Tite identified some key areas for the leaders in the room to consider:

Focus on Your Art – which he expanded to finding out what your “art” is.

Eliminate Time Sucking Maggots – don’t just eliminate these maggots but reinvest your time into your “art”.  This suggestion garnered many chuckles and I am sure that the audience was considering all the things that they could reduce – for me, I need to tame my inbox!

Mindless Accept Syndrome (MAS) – reconsider blindly accepting those meetings that pop into  your calendar.  He did not show the following TED talk but referenced the works of David Grady.  The video is worth a view and certainly made me laugh as he mimicked the teleconference issues we experience EVERYDAY!!
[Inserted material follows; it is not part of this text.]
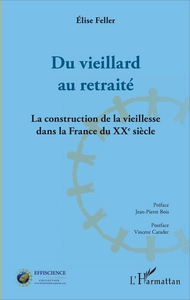 Picture of Du vieillard au retraité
Be a Rebel with a Cause – follow a higher order belief by leading with your values and considering “purpose before profit”.  He said that this is “why you do what you do” and gave the example of the CBC giving up the profits of other programming to broadcast The Tragically Hip’s last performance.

“I don’t care about your values – I shouldn’t read them, I should experience them”

Be a Rockstar – Starting with a  video of 1000 individuals performing the Foo Fighter’s Learn to fly video in a small town in Italy, he shared the importance of face to face interaction.  Instead of management by walking around, he feels that many of us practice with “management by reply all” and stressed how essential connection with our teams is.  Telling stories, reinforces behaviours and “the stories we are passionate about, we tell over and over again”.  Leaders need to consider “what is the story I have to tell and write?” and need to “write the stories of where we want to get to”.

Be Anti-establishment – Stick it to the man, even if you are the man – Tite says it takes courage to be anti-establishment and to consider new ideas and yet successful “disrupters are companies that are solving the problems the establishment can’t or won’t”.  He shared examples of Virgin Hotels and Dyson who have been revolutionary with new ideas.

The Revolution Will Not Be Televised (Gil Scott Heron) – sometimes no one sees change coming and organizations such as Uber, AirBNB, Square and Tesla show up and have no other competition.

The World Needs Originals, Not Sequels – He showed a picture of Donald Trump and Rob Ford, sharing that these two have followers because some people believe in them because of the fact that they do not look like politicians.  The room laughed when Tite talked about the “presidential haircut” which clearly Trump has not received!  He spoke of WestJet and their originality which has brought them success and a strong reputation.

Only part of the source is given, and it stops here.